Task to carry out: What you should end up with is an exact copy of the lines from the one holding "Электронки оптом RISE OPT" through the last line of the entries below, both included, and nothing else; leave every picture out.

Provided data START

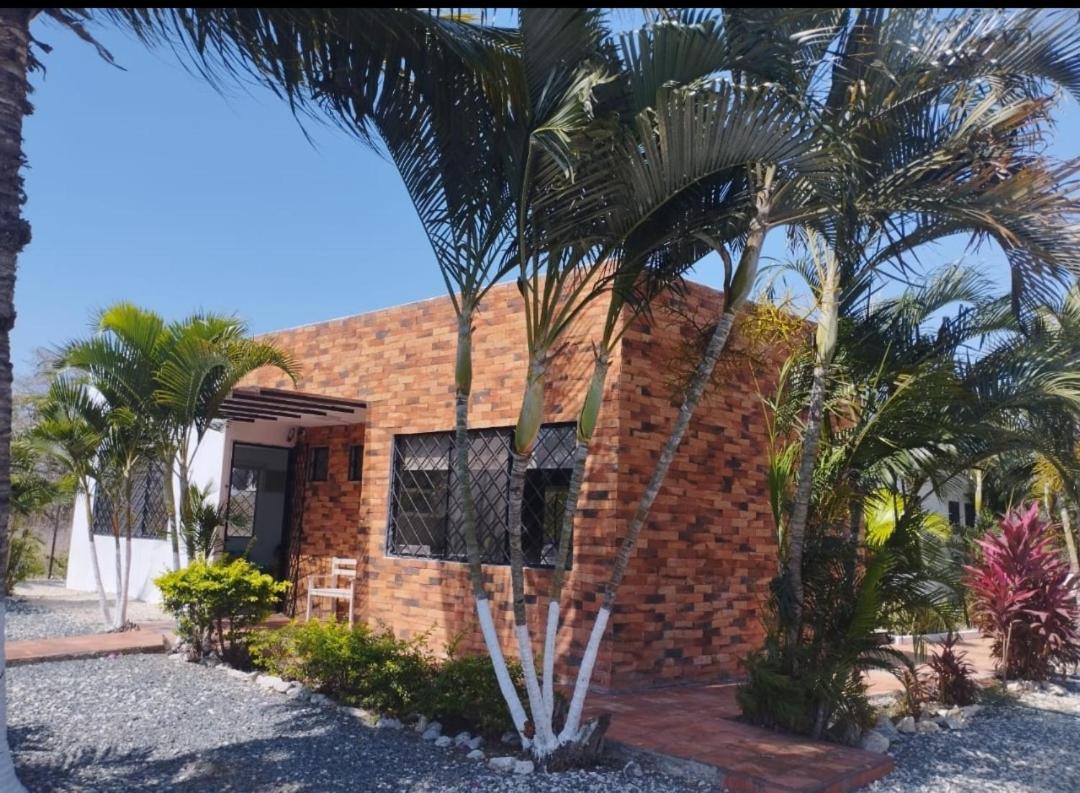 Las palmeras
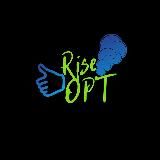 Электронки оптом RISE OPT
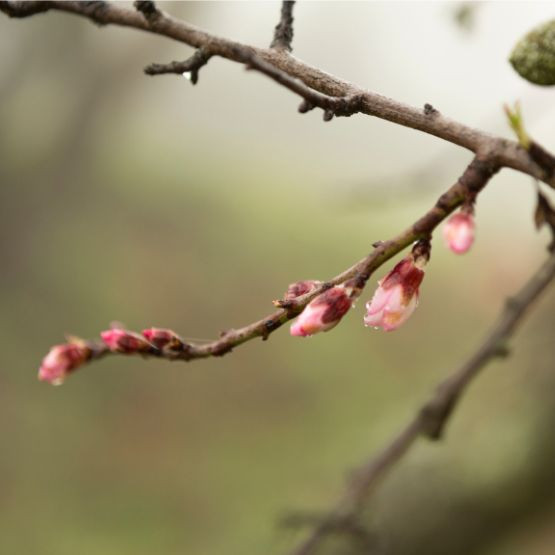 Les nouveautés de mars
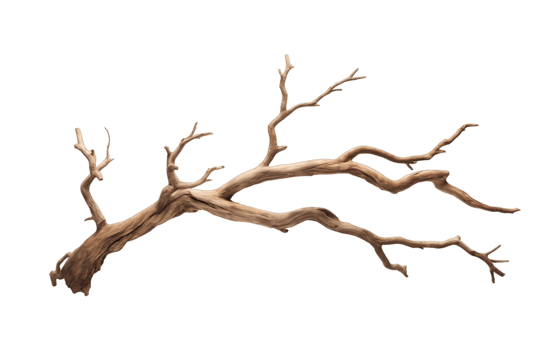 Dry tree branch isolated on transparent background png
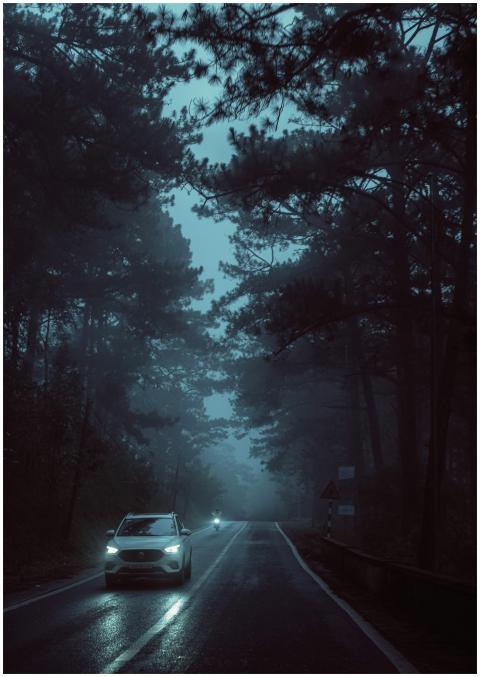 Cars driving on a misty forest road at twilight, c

Provided data END

Task solution:
 Электронки оптом RISE OPT
 Les nouveautés de mars
 Dry tree branch isolated on transparent background png
 Cars driving on a misty forest road at twilight, c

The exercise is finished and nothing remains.